The research revealed that of the 109 players who were found to have a serious criminal history, 96 (or 88 percent ) were black, 8 percent (7 percent) were white, 2 (nearly 2 percent) were of other races, 3 were unknown. The tendency here is to want to focus exclusively on the glaring discrepancy between the percentage of black players who had a record and white players who had a record. Without considering other factors, this produces very misleading conclusions.But remember: anything that disproportionately harms black people (though almost all of the harm is because of individual choices by black people that aggregate to showcase an undeniable dysfunction among this racial group) is an obvious result of this shadowy, malicious white supremacist group, calling shots from some destination located in parts unknown.
For example, while blacks represented 88 percent of the players who had been arrested, they also compromised 72 percent of the survey population. The authors turned their findings over to Professor Blumstein and asked him to compare arrest rates for black players in the NFL to black males in the general population. Based solely on racial comparisons (in other words, no account was taken here for income, education obtained, background, and so forth), Blumstein determined that blacks in the NFL are arrested at rates lower than black males in general population.
More important, since 38 of the 509 players in the survey were black and only ninety-six of the black players were charged with a serious crime, that indicated that the vast majority of black players were found not to have a criminal record. Put another way, the majority of the law-abiding citizens in the league are black, a point of paramount importance that seldom if ever gets emphasized.
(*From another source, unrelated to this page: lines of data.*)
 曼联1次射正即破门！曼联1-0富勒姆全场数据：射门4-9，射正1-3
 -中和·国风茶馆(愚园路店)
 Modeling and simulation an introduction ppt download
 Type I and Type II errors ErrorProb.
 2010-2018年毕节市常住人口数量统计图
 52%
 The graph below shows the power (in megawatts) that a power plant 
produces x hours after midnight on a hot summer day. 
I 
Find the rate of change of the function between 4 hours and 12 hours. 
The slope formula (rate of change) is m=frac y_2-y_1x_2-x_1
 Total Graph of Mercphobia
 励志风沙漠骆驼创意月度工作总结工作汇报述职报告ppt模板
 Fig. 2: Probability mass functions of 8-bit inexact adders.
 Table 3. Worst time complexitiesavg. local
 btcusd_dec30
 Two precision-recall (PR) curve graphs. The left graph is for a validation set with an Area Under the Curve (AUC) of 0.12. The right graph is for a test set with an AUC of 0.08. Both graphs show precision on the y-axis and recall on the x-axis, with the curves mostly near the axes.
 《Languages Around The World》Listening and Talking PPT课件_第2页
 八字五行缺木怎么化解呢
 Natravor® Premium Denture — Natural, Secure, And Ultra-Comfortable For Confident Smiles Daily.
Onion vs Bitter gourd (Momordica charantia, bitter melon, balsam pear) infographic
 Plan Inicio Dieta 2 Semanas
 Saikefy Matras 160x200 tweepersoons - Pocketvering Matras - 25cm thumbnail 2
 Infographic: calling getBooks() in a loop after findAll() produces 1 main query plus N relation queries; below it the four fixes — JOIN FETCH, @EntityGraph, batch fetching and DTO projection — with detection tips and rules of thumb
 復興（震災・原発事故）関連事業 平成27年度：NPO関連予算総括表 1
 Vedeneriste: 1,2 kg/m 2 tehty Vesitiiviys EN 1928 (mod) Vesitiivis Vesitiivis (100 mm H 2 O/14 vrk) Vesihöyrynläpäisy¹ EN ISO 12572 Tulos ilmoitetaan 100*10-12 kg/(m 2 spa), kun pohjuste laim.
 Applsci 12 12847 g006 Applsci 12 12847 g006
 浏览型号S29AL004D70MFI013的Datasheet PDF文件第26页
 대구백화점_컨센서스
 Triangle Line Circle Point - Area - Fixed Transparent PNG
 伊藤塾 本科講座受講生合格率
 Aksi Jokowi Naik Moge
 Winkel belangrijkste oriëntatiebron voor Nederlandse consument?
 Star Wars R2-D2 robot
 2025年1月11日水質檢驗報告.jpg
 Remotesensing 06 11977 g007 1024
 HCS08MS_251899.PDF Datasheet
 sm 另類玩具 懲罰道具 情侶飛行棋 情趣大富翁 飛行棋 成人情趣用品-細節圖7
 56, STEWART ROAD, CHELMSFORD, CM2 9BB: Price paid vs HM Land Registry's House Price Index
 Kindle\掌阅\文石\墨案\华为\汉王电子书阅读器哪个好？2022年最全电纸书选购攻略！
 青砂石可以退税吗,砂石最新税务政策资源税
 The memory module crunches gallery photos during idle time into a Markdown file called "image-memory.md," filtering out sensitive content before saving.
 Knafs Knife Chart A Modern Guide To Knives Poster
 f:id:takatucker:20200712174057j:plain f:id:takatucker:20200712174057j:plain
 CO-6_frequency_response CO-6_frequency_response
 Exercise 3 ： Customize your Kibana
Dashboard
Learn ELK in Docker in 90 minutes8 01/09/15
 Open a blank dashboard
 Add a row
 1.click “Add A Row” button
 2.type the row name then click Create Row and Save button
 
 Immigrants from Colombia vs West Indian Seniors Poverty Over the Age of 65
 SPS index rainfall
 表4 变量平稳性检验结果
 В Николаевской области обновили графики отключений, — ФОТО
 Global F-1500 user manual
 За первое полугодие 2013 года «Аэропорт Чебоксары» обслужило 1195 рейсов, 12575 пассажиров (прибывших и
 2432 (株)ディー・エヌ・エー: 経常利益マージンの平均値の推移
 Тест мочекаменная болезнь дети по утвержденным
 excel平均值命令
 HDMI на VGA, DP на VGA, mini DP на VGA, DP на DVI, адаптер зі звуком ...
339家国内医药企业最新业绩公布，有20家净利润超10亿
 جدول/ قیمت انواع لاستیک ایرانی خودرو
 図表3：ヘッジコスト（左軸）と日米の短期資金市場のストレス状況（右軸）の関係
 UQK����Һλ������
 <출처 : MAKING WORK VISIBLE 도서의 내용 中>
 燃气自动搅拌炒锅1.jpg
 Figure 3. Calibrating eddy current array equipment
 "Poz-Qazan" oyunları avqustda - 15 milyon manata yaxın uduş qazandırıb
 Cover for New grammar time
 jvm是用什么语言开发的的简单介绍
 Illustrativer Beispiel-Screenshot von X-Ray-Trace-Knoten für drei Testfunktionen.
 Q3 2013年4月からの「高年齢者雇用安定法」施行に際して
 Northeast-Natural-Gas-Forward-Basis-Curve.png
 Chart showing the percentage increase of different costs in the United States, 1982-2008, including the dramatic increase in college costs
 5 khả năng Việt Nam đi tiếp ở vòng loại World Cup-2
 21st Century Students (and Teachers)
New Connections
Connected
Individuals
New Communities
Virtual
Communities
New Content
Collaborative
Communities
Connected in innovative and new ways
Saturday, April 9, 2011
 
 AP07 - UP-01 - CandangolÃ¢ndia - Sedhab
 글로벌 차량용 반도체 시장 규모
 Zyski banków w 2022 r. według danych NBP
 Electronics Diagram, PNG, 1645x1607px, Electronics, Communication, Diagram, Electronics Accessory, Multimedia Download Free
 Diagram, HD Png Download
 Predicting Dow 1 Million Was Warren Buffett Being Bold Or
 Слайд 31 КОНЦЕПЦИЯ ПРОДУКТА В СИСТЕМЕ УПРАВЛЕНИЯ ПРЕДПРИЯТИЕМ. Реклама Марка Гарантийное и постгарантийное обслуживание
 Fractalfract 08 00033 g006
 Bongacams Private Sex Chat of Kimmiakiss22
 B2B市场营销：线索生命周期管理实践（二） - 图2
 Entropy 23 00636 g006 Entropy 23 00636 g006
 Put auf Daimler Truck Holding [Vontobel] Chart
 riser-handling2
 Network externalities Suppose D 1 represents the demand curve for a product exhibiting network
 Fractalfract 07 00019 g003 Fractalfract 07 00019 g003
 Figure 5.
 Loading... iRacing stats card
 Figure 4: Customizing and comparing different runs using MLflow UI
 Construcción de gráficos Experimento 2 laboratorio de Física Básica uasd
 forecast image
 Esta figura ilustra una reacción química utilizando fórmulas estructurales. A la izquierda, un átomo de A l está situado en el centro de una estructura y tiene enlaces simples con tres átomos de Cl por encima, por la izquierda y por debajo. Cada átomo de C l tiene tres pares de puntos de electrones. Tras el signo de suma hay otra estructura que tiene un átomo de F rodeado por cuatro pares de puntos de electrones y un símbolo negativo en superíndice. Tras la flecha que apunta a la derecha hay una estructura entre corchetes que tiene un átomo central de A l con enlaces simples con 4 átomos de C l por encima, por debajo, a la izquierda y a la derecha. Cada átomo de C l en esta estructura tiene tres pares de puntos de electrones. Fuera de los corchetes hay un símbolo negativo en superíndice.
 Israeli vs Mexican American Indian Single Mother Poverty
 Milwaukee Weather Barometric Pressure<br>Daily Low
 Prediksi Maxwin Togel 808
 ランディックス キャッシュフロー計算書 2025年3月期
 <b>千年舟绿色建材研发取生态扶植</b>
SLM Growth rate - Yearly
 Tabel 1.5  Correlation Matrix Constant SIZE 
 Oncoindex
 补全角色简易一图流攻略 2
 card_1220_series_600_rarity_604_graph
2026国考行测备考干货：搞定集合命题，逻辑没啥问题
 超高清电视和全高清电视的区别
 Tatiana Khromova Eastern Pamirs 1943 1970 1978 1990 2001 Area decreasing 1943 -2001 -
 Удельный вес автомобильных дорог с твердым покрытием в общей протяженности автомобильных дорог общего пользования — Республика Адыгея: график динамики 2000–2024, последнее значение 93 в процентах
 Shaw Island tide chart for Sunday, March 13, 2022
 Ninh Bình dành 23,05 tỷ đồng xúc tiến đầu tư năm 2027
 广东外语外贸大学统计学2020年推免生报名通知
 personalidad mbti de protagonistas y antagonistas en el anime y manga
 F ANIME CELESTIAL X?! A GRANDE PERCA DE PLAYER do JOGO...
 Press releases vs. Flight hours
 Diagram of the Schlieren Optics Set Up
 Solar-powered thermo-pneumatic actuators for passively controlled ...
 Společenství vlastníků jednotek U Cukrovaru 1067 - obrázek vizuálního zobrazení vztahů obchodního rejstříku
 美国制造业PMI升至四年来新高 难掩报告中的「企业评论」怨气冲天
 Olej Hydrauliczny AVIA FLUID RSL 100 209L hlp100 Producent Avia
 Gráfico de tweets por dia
The bottom line here is that there is no basis for framing the issue surrounding criminals in the NFL as a race issue. It is a crime issue. NFL players who are committing crimes are not being singled out because they are black, but rather simply because they are criminals. If the NFL were truly concerned about cutting down negative racial stereotyping in this area, it would simply rid itself of criminal players. This would not only cut down on the misleading images that get promoted through the media, but it would largely do away with the league's public relations problems associated with criminal conduct. (p. 168 - 169)
The NFL should lose its non-profit status immediately.